The Euro100bn lent to Spain's banks (with as-yet unclear strings attached) is not a solution to the problem - it is a sticking plaster that buys some time (but which increases Spain's indebtedness by Euro100bn, decreasing its credit-worthiness and increasing its borrowing costs). Spain could yet become the first country to crash out of the Euro, partly because it is too big to fail and too big to save. But returning to Greece, which could shortly leave the Euro party: What would be the effect of a 'Grexit'?
In the short term, all would be chaos. An enforced bank holiday of at least three days (probably longer), the stamping of all 'Greek Euros,' forced conversion of Greece-based bank accounts to New Drachma, renegotiation of contracts (and subsequent law suits lasting years), the bankruptcy of the country (no access to international debt markets for a decade - like Argentina), the collapse of its banks (ATMs not working, shortage of liquidity and real cash), non-payment of government employees or pensions, exodus of workers overseas - and many other unforeseeable things besides...
The New Drachma will immediately depreciate by 50-80% compared to the Euro. Greece will not be able to afford to buy anything in Euros and will become export-oriented (selling plaster, wallboard, lignite, cement etc) in order to bring in hard currency.
Any multinational company leaving cash in Greek banks 'overnight' risks having that cash frozen and effectively devalued at any point if a Grexit occurs... and that is something that no shareholder will forgive. Prudent multinational CFOs will ensure that their Greece-based funds are cleared from Greek banks every day - as they routinely do in the banking industry. Both wallboard makers in Greece are foreign-based (Knauf and Saint-Gobain).
Companies based outside of Greece but with plants in Greece will see the value of their domestic sales plummet (in hard currency terms, anyway). If these plants rely on imported materials (fuel, spare parts etc), then the cost of these materials (in Euros/Dollars) will increase compared to the value of domestic sales (in New Drachma). It will become less profitable to make and sell goods in Greece. Inevitably, there will be a further fall in domestic wallboard and plaster demand from the already historically low levels. Exports will be prioritised.
Longer term (five years plus), the boost to Greece's tourism industry (which accounts for 20% of GDP) and to the competitiveness of its industry and exports of a Grexit from the Euro would give the country a big boost.
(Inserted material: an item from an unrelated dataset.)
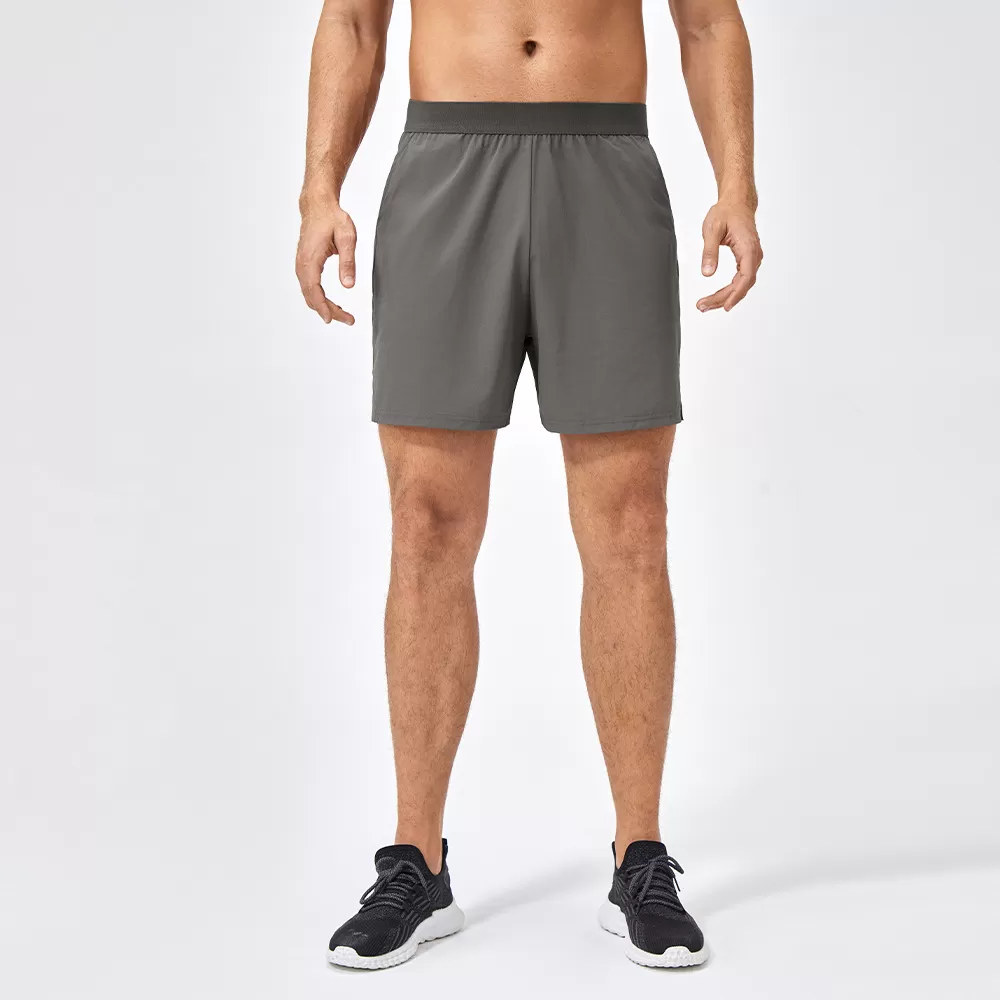 Men's Shorts  FGB41423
According to a recent article ""The treaty doesn't foresee an exit from the EuroZone without exiting the EU," the European Commission has said. The option of leaving the EU was only added in Article 50 of the Lisbon Treaty in 2007. So under its current obligations, for Greece to exit the Euro or be thrown out, it would have to leave the EU. Leaving is straightforward: it involves a member state notifying the European Council - that is, the leaders of EU countries - that it wants to go. The Council then agrees the terms of the exit via a qualified majority. Would leaving the EU be the end of the world for Greece? Probably not."
Ditching the Euro means devaluation, Greece setting its own interest rates and monetary policy, increased competitiveness and a boost to industry and tourism. Examples of successful economies inside the EU and outside the Euro point the way. Greece outside the EU (like Switzerland, Norway and Liechtenstein) would have access to European markets. In the longer term, leaving the Euro would - for Greece - possibly not be a bad result. For everyone else in the Euro (and the wider EU, including non-Euro countries) the implications are very far from positive (contagion, bail-outs, volatility, civil unrest, unemployment etc etc). Good luck!